• Problem to work on: Transcribe nothing except the lines below that run from the one with "Workers scan ballots" to the one with "an empty room with a window and wooden floor", ends included, and do not copy any picture.

• Entries shown:
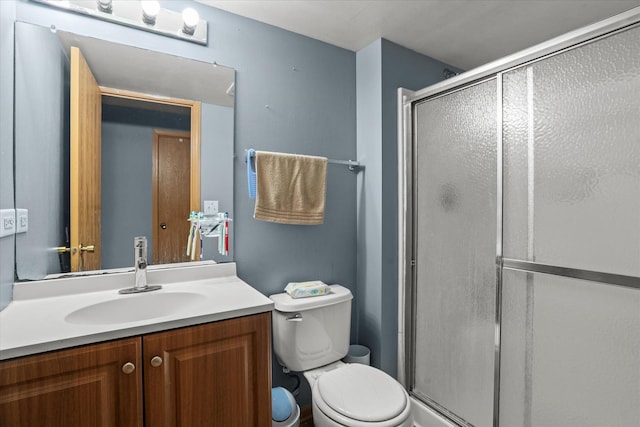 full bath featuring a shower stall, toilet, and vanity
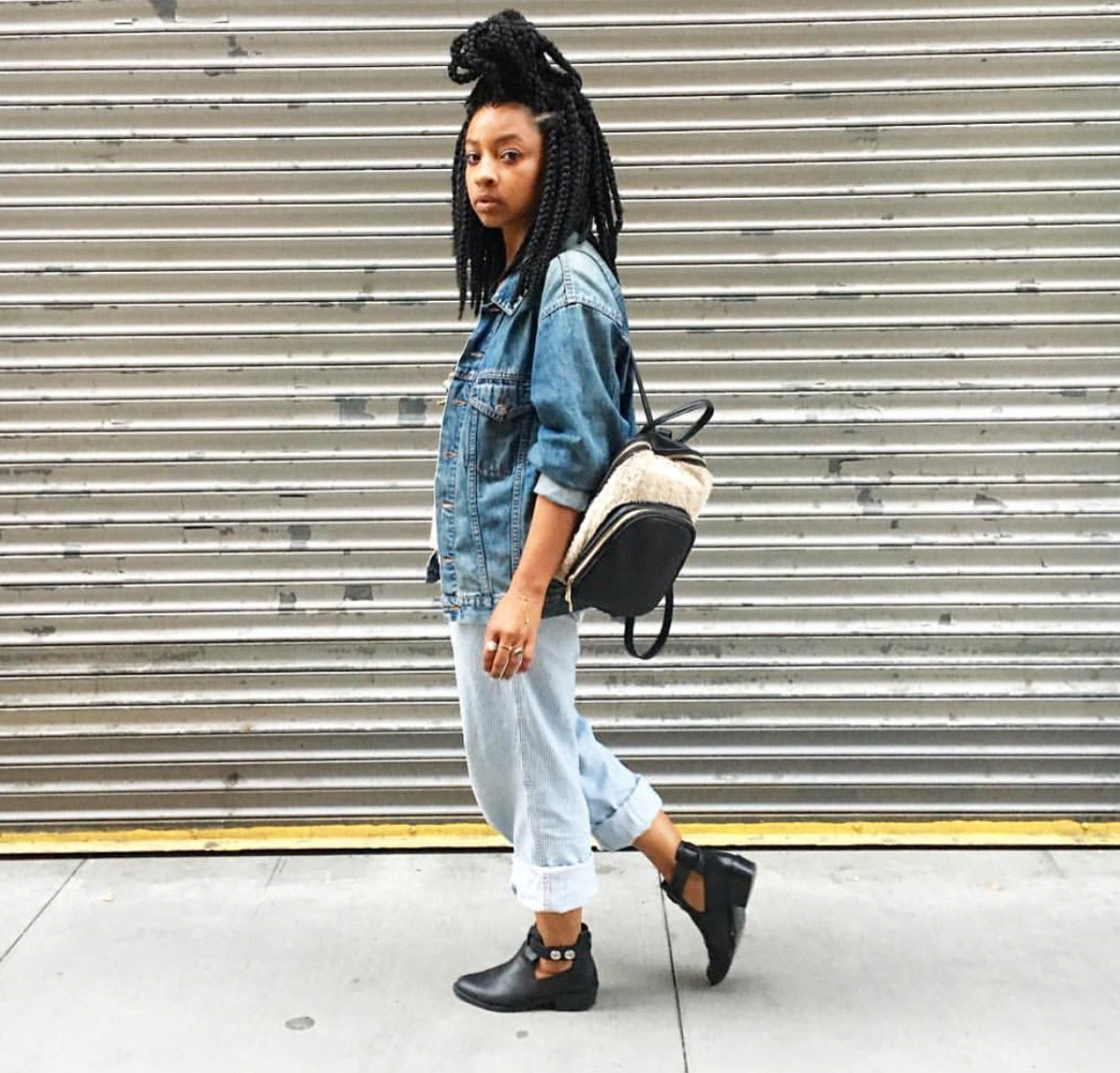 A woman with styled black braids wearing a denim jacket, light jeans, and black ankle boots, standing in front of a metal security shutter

---

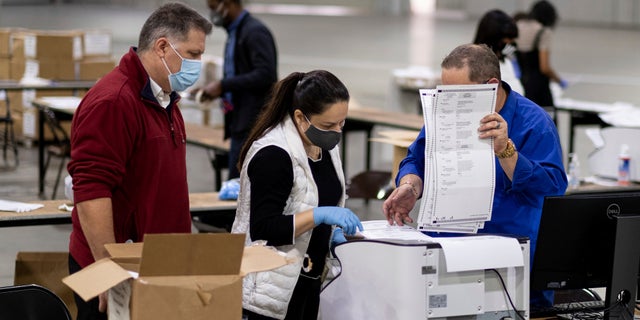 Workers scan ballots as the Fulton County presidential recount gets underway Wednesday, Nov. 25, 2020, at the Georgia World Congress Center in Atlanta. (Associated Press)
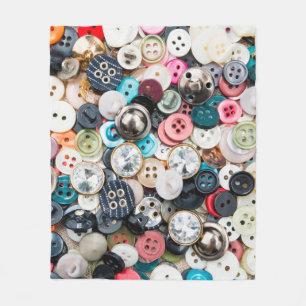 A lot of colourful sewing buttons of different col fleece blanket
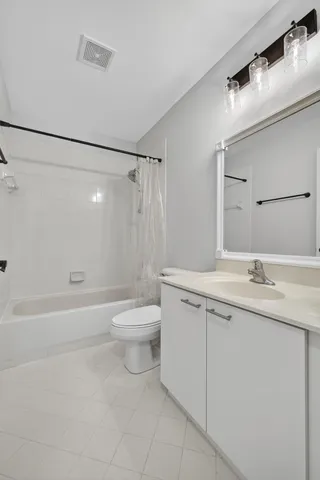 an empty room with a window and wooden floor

• Reply:
 Workers scan ballots as the Fulton County presidential recount gets underway Wednesday, Nov. 25, 2020, at the Georgia World Congress Center in Atlanta. (Associated Press)
 A lot of colourful sewing buttons of different col fleece blanket
 an empty room with a window and wooden floor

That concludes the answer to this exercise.